Einde inhoudsopgave
Omgevingsregeling
Artikel 3.30 (faunabeheereenheid waarvoor Minister voor Natuur en Stikstof bevoegd gezag is)
Geldend
Geldend vanaf 01-01-2024
- Bronpublicatie:
14-09-2023, Stcrt. 2023, 26205 (uitgifte: 19-09-2023, regelingnummer: 2023-0000568411)
09-06-2021, Stcrt. 2021, 31421 (uitgifte: 16-06-2021, kamerstukken/regelingnummer: -)
- Inwerkingtreding
01-01-2024
- Bronpublicatie inwerkingtreding:
26-09-2023, Stcrt. 2023, 26454 (uitgifte: 02-10-2023, regelingnummer: 2023-0000589458)
19-04-2023, Stcrt. 2023, 11246 (uitgifte: 19-04-2023, kamerstukken/regelingnummer: -)
- Overige regelgevende instantie(s)
Ministerie van Economische Zaken en Klimaat
Ministerie van Onderwijs, Cultuur en Wetenschap
Ministerie van Landbouw, Natuur en Voedselkwaliteit
Ministerie van Defensie
- Vakgebied(en)
Milieurecht / Algemeen
Omgevingsrecht / Algemeen
1.
De faunabeheereenheid met het werkgebied bestaande uit de terreinen, bedoeld in artikel 6.4 van het Omgevingsbesluit, heeft de rechtsvorm van een stichting.
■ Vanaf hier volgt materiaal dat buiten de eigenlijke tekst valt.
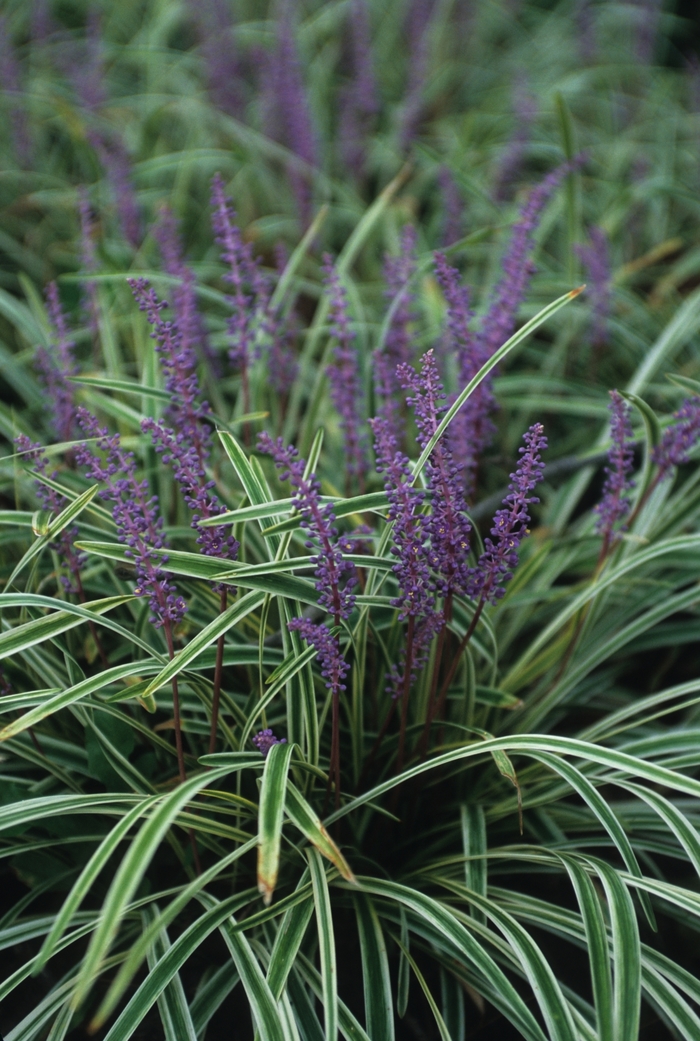 'Variegata' Variegated Liriope - Liriope muscari from Keathly Nursery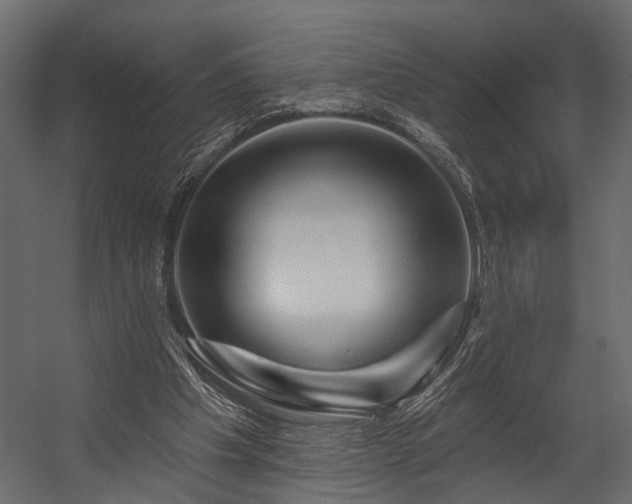 X0000054460201200508011510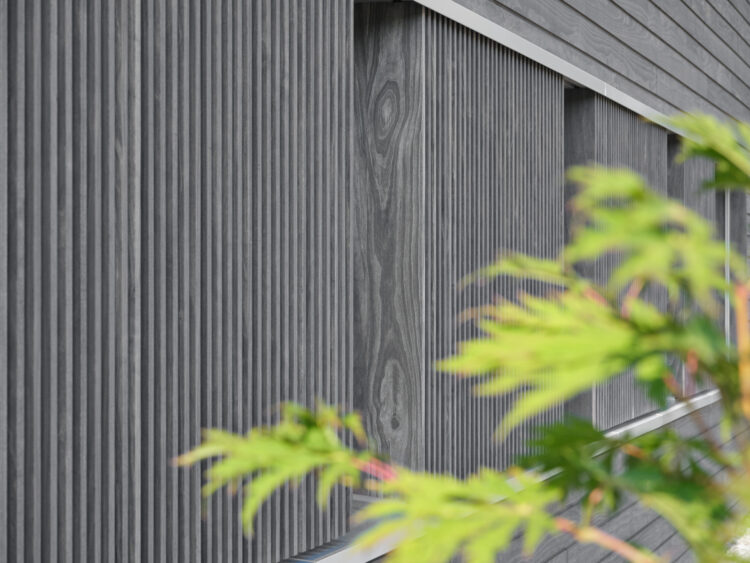 Accoya holz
De leden van het bestuur van de stichting worden benoemd en ontslagen door de gerechtigde, bedoeld in artikel 6.4 van dat besluit.
2.
Het faunabeheerplan dat door de faunabeheereenheid, bedoeld in het eerste lid, is vastgesteld bevat ten minste de volgende gegevens:
- a.
de omvang van het werkgebied van de faunabeheereenheid;
- b.
een kaart waarop de begrenzing van het werkgebied van de faunabeheereenheid is aangegeven;
- c.
kwantitatieve gegevens over de populatie van de diersoorten waarvoor een duurzaam beheer of bestrijding noodzakelijk wordt geacht, met inbegrip van gegevens over de aanwezigheid van de populaties in het betrokken gebied gedurende het jaar;
- d.
een onderbouwing van de noodzaak van een duurzaam beheer of bestrijding van de diersoorten, bedoeld onder c, waaronder een onderbouwde verwachting van de belangen die zouden worden geschaad, wanneer niet tot beheer of bestrijding zou worden overgegaan;
- e.
een beschrijving van de mate waarin de belangen, bedoeld onder d, zijn geschaad in de vijf jaar voorafgaand aan het tijdstip van de aanvraag om goedkeuring van het faunabeheerplan;
- f.
de gewenste stand van de diersoorten, bedoeld onder c;
- g.
per diersoort een beschrijving van de aard, omvang en noodzaak van de maatregelen die zullen worden getroffen om de gewenste stand, bedoeld onder f, te bereiken;
- h.
per diersoort en gewas een beschrijving van de maatregelen die in de periode, bedoeld onder e, zijn getroffen om het schaden van de belangen, bedoeld onder d, te voorkomen, en voor zover daarover redelijkerwijs kwantitatieve gegevens beschikbaar zijn: een beschrijving van de effectiviteit van die maatregelen;
- i.
voor zover het plan betrekking heeft op het beheer van edelherten, damherten, reeƫn of wilde zwijnen: een beschrijving van het voedselaanbod, de relatie tussen dit voedselaanbod en de grootte van de populatie van de betrokken dieren en de mogelijkheden van uitwisseling met aangrenzende terreinen;
- j.
een beschrijving van de plaatsen in het werkgebied van de faunabeheereenheid waar en de perioden in het jaar waarin de maatregelen, bedoeld onder g, zullen worden getroffen;
- k.
voor zover daarover kwantitatieve gegevens beschikbaar zijn: een onderbouwde inschatting van de verwachte effectiviteit van de onder g bedoelde maatregelen; en
- l.
een beschrijving van de wijze waarop de effectiviteit van de voorgenomen maatregelen zal worden bepaald.
3.
Het faunabeheerplan heeft een geldigheidsduur van ten hoogste vijf jaar.
4.
De jachthouder van de terreinen, bedoeld in artikel 6.4 van het Omgevingsbesluit, is uitgezonderd van de aansluitplicht, bedoeld in artikel 8.2, eerste lid, van de Omgevingswet.